To the west of Mount Dolkun-Muztag, in a northward curving arc there line up 6849 Peak (Muztag-Ata Southern, the unmarked eastern summit is 6858 on the map), Koskulak (7,028 m), Muztag-Ata (7,546 m), and North Muztag-Ata or Kuksai Peak (7,184 m). The southern shoulder of Muztag-Ata is indicated on maps as Kalaxong Peak (7,279 m). The foothills of the western spurs of these mountains are deserted.
The southern section of the Kongurmuztag Range, west of the Tegermensu Valley, is of great interest to mountain hikers and climbers. Routes to the peaks here are very different – from technically simple ones to the seven-thousanders on their western slopes, to the most difficult wall routes. From the cirques of the Koksel glacier only one route to the big peaks has been laid so far – the route of D. Mazur to Muztagh-Ata along the eastern ridge (2000). The two-kilometer steep walls and ribs of peaks 6858, Koskulak and Muztagh-Ata, which break to the Koksel glacier, are still waiting for their conquerors.

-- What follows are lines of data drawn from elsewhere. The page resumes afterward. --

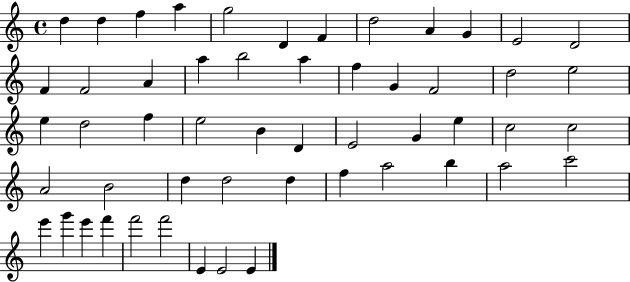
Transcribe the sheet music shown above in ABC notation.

X:1
T:Untitled
M:4/4
L:1/4
K:C
d d f a g2 D F d2 A G E2 D2 F F2 A a b2 a f G F2 d2 e2 e d2 f e2 B D E2 G e c2 c2 A2 B2 d d2 d f a2 b a2 c'2 e' g' e' f' f'2 f'2 E E2 E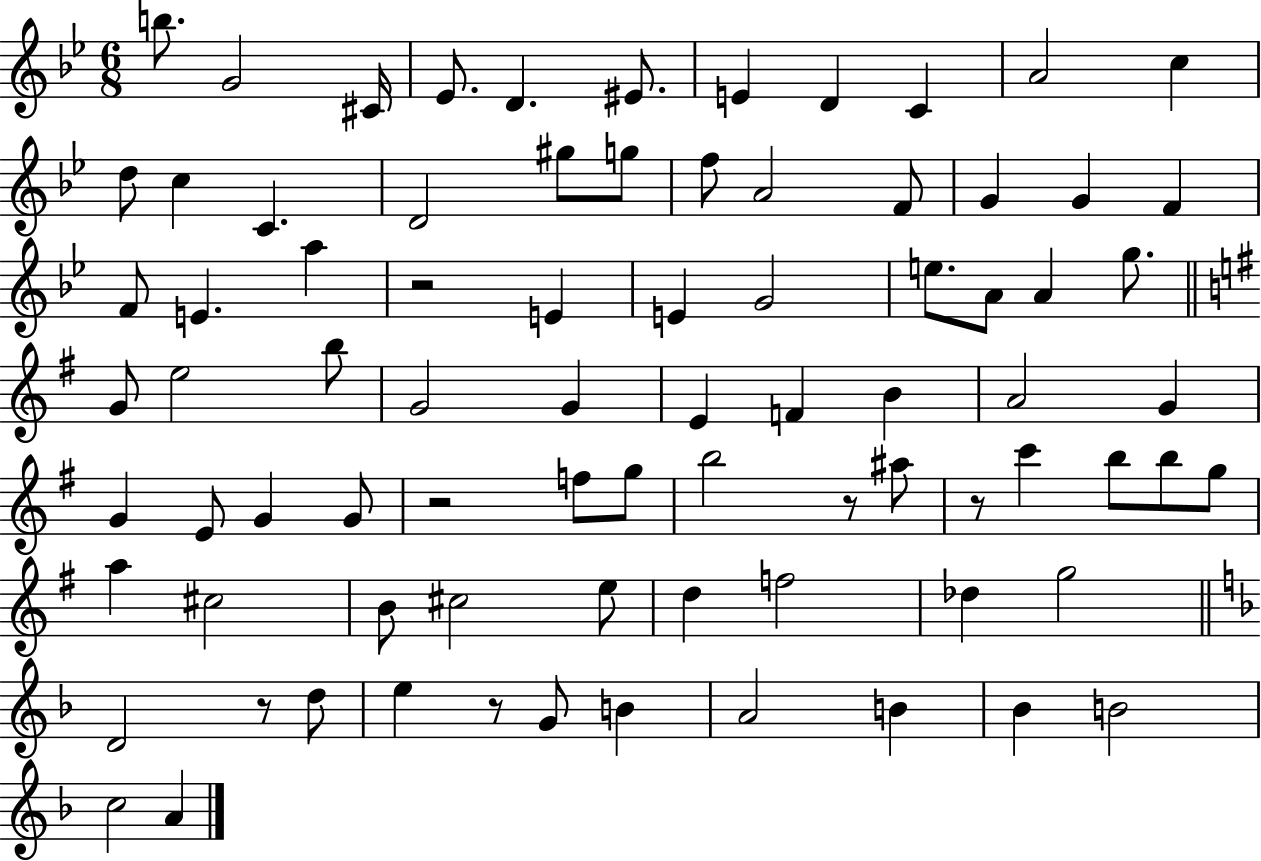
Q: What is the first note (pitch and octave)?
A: B5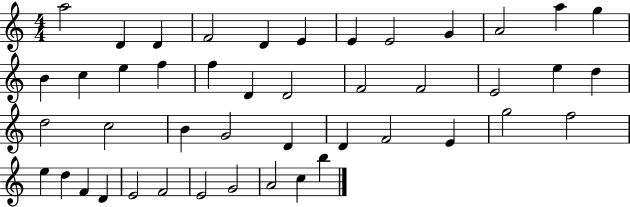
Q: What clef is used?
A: treble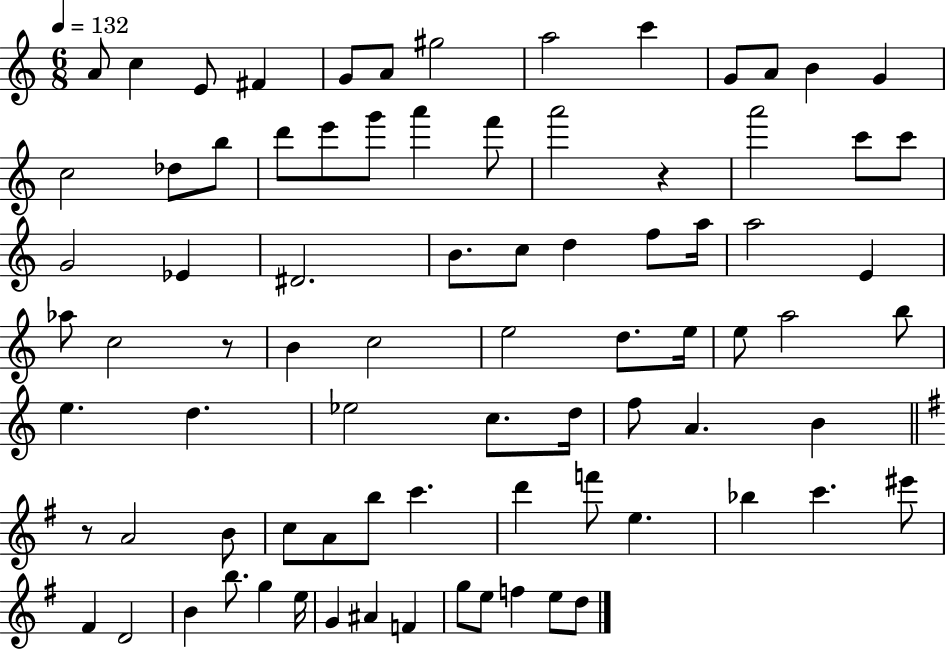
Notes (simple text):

A4/e C5/q E4/e F#4/q G4/e A4/e G#5/h A5/h C6/q G4/e A4/e B4/q G4/q C5/h Db5/e B5/e D6/e E6/e G6/e A6/q F6/e A6/h R/q A6/h C6/e C6/e G4/h Eb4/q D#4/h. B4/e. C5/e D5/q F5/e A5/s A5/h E4/q Ab5/e C5/h R/e B4/q C5/h E5/h D5/e. E5/s E5/e A5/h B5/e E5/q. D5/q. Eb5/h C5/e. D5/s F5/e A4/q. B4/q R/e A4/h B4/e C5/e A4/e B5/e C6/q. D6/q F6/e E5/q. Bb5/q C6/q. EIS6/e F#4/q D4/h B4/q B5/e. G5/q E5/s G4/q A#4/q F4/q G5/e E5/e F5/q E5/e D5/e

Of great interest are also the glacier-cutting northern walls of the gentle western ridges of Koskulak (7,028 m) and peak 6849. On these walls only two routes have been laid so far and both to Koskulak – the Volkov route along the northern ridge (2005) and the B. Shamalo route (2005) along the northern wall. The steep northern wall of Peak 6849, which is more than 1,5 km long, remains a virgin.
Called as the father of the icy mountains, Muztagata (also spelt as Muztagh-Ata) rises to the south of Kongur almost without any foothills. It is a larger-than-life giant with a height of 7,546 m is considered one of the most accessible seven-thousanders on the planet due to its gentle western slope and dry weather. It is usually accessed via one of two routes: either the one closer to the northern slope or the one closer to the south. The latter is the safest and most popular. It is not very complicated technically, but climbing can be hindered by unexpected weather changes and the pressing altitude, deep snow and strong winds. Conquerors need excellent physical training, good equipment and competent acclimatization.
Before you start climbing, you should stop at Lake Karakel and take in the dizzyingly beautiful view of Muztagh-Ata summit.
In the Eastern Pamir, there are many large lakes with crystal clear water and a mirror-like surface. In the Central and the Western Pamir, lakes are most often found in the pockets of moraines. Salty and drainless lakes occupy tectonic potholes. Large lakes occur less often, they are either man-made or accident-generated reservoirs, like Lake Sarez. Mostly, lakes are formed by melting of glaciers. Lake Sarez and Lake Yashilkul were formed by the melting of glaciers and mudflows.
The seven biggest lakes are
Lake Sarez is the deepest lake in the Pamir. The water reservoir is 505 meters deep and is located at an altitude of 3,263 meters. It was formed in 1911, when a 9-point earthquake caused a landslide and blocked the Murghab River, thus creating a rocky dam over half a kilometer high. The water flooded the village of Sarez overnight, which gave the name to the lake. It took 37 years to fill the basin of the lake that now spreads over 70 km and has a total area of 17 sq.km. Now there is a danger of this naturl ally made dam to be washed away since the river Murghub is still flowing at its bottom and keeps washing off the rocks. That is why there is a research station keeping an eye on Lake Sarez.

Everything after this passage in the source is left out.